Sayın doktorum buralara gelir iseniz paketinizi iletecegim, aksi hale sen bilirsin.
GELELİM KAYMAK İŞİNE........
Milletin işi gücü yok benimle ugraşıyor. Bu vatandaşta güya bize katkıda bulunurken kafa bulmayada devam etmekte. Bir gün Ali Türk kadar başınıza taş düşecek haberiniz olsun. Buna benzer bir meil gelmişti, onu silmiştim.
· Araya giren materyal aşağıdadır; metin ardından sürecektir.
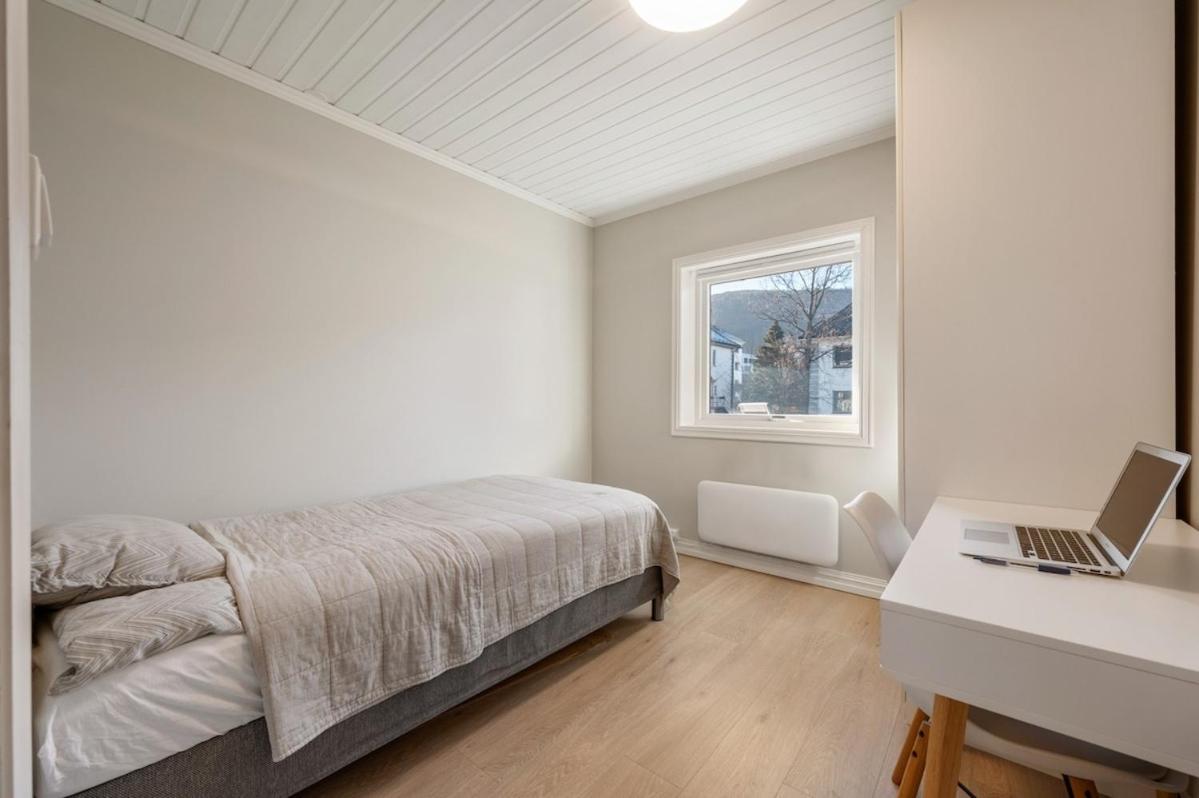 With 2 Bedrooms And Balcony Leilighet *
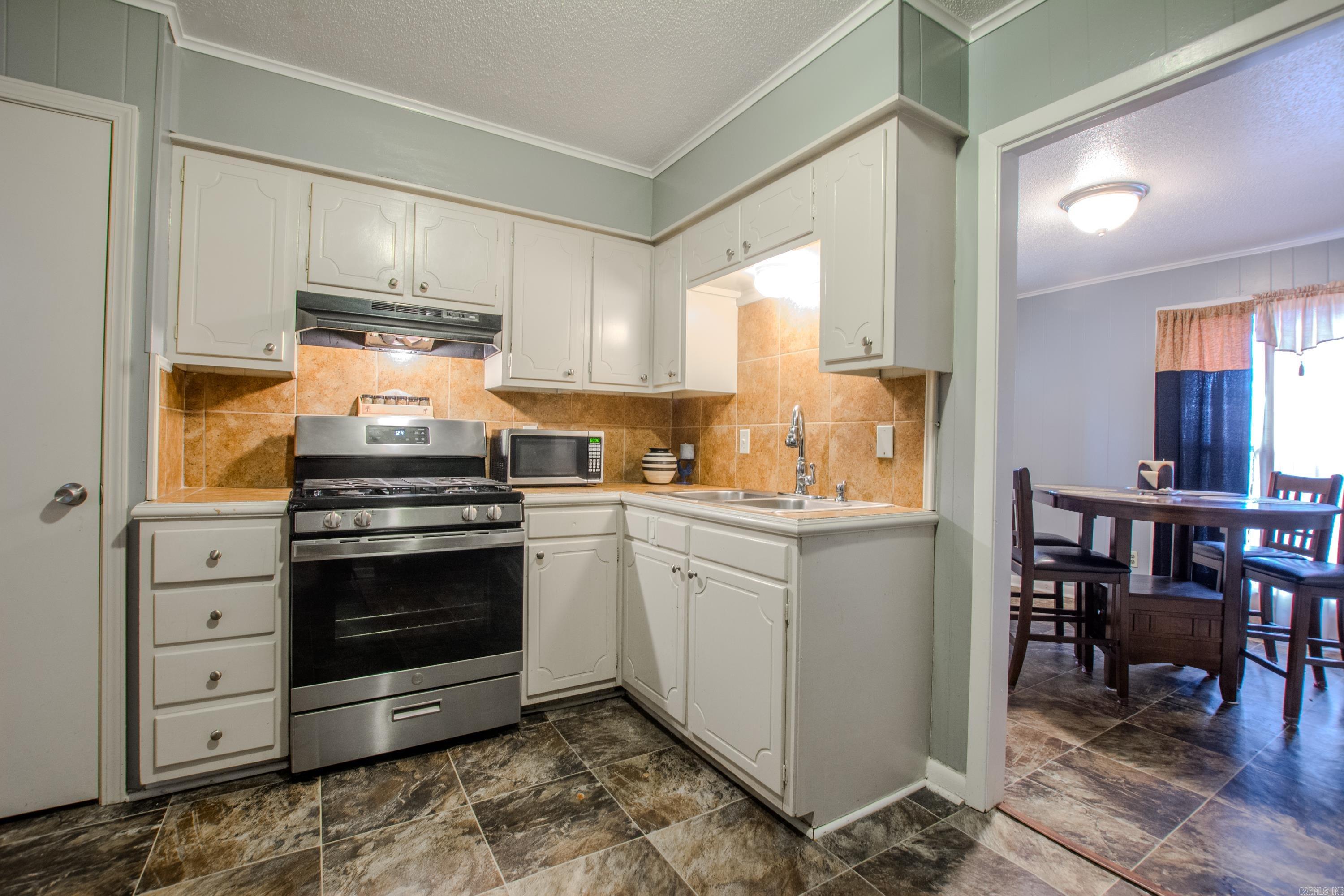 CASTLEWOOD - Residential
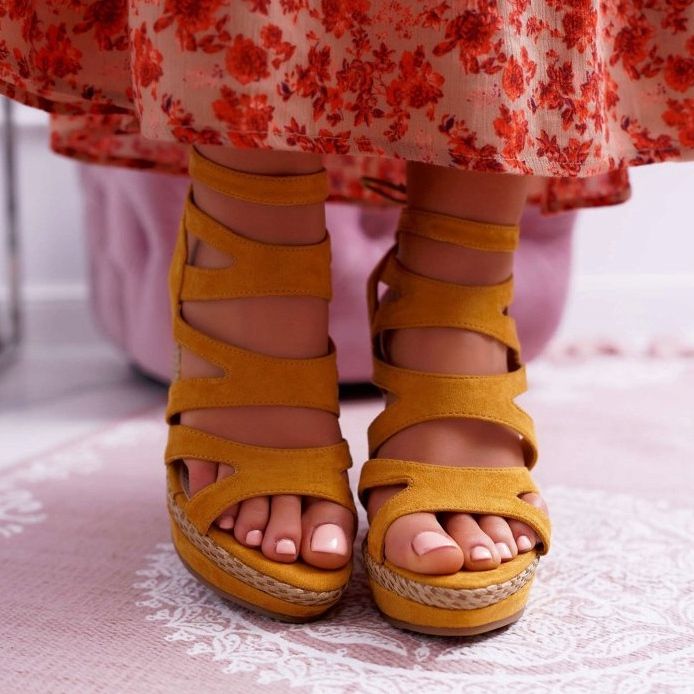 FE1 Kvinnors sandaler på en kil, gul sträng, Liluena 2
O meildede aynı taktikle kovana iki anaarı veriyorduk, gazozla bayılttığımız anaarıların iğnesini kesiyoruz ve birbirlerini öldürmüyorlarmış. Bu akıllı anaarıların içerde birlikte yaşayıp yaşayamayacagına iğne karar veriyor sanmakta.
Gazozun markası önemli degilmiş::))
Buyrun aynen meil bu, 2 ayı geçmiştir geleli::))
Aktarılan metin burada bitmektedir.